Compiler,I was able to remove the hard drive from the external case and install it into my computer without any data loss so it's all good.Thanks bro.


----------



## Compiler (Oct 11, 2006)

Yeah, but those extreme measures for dying or dead drives.

Having your drive internal does kinda defeat the purpose as a backup/portable drive (which is what I use them for).


----------



## cali4niacanuck (Feb 6, 2007)

Yea I'll prolly end up buying that Vantec external case after all. It is only $50. Got any suggestions as to backup software instead of Retrospect or do I even need it? Also, since I was able to save the data would I be asking for trouble if I copied all the data to my computer's hd and then put the Maxtor One Touch case back together, reformat the hd and start using it again or has this incident negated it's salvagability. If it fails I still have a good hd and I can always move my data back onto it.


----------



## Compiler (Oct 11, 2006)

The maxtor chassis is not working.

Its up to you if you want to continue using the Retrospect software.

XP usually includes its own backup software - or use the WinXP CD to install it.


----------



## jlgrimes (May 26, 2008)

I plugged in my Maxtor One touch 4 and nothing happened. It says no drivers found. It's like it isn't there.
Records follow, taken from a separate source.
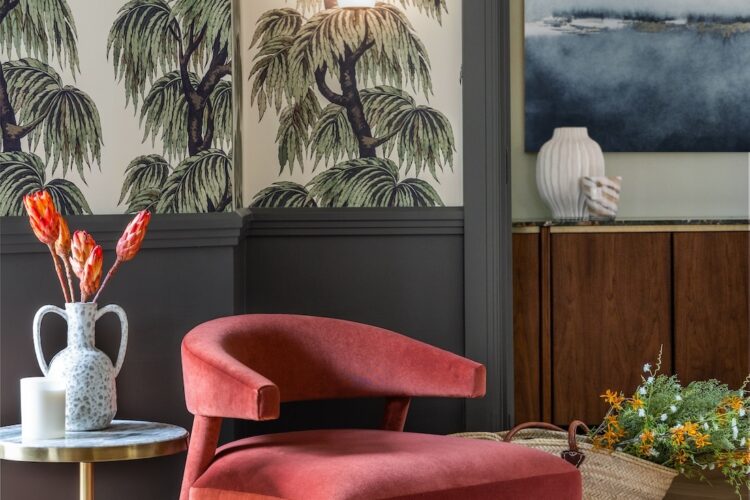 Art Deco Inspired Entrance Hall designed by Pfeiffer Design. Art deco inspired wallpaper, half height panelling and glazed French double doors in deep green. Bronze obscured glass wall lights. A soft red occasion chair with side table with dried flowers in a double handled vase.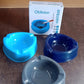 Angled view of plastic ashtray on wooden table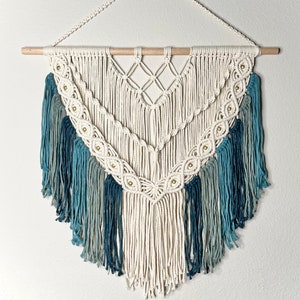 Può includere: Un arazzo da parete in macramè bianco con un motivo geometrico e frange blu e verdi. L'arazzo è decorato con perline dorate.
I have tried it on our des top computer also and the same thing happens. I have alot of data stored on it ... Can you help?


----------



## Compiler (Oct 11, 2006)

Take the drive out of the MAXTOR case and plug it directly into your computer in place of the optical (DVD) drive or another SATA channel. Either the drive is dead or chassis is damaged/defective/dead.


----------



## Hughv (Jul 22, 2006)

This drive can be removed and either put in another case or temporarily attached with one of these devices:
http://www.tigerdirect.com/applications/SearchTools/item-details.asp?EdpNo=2329300&sku=M501-1220
The only practical way to check this drive is to attach it to a machine using one of the suggested methods. No way to know what's going to happen until you try it.


----------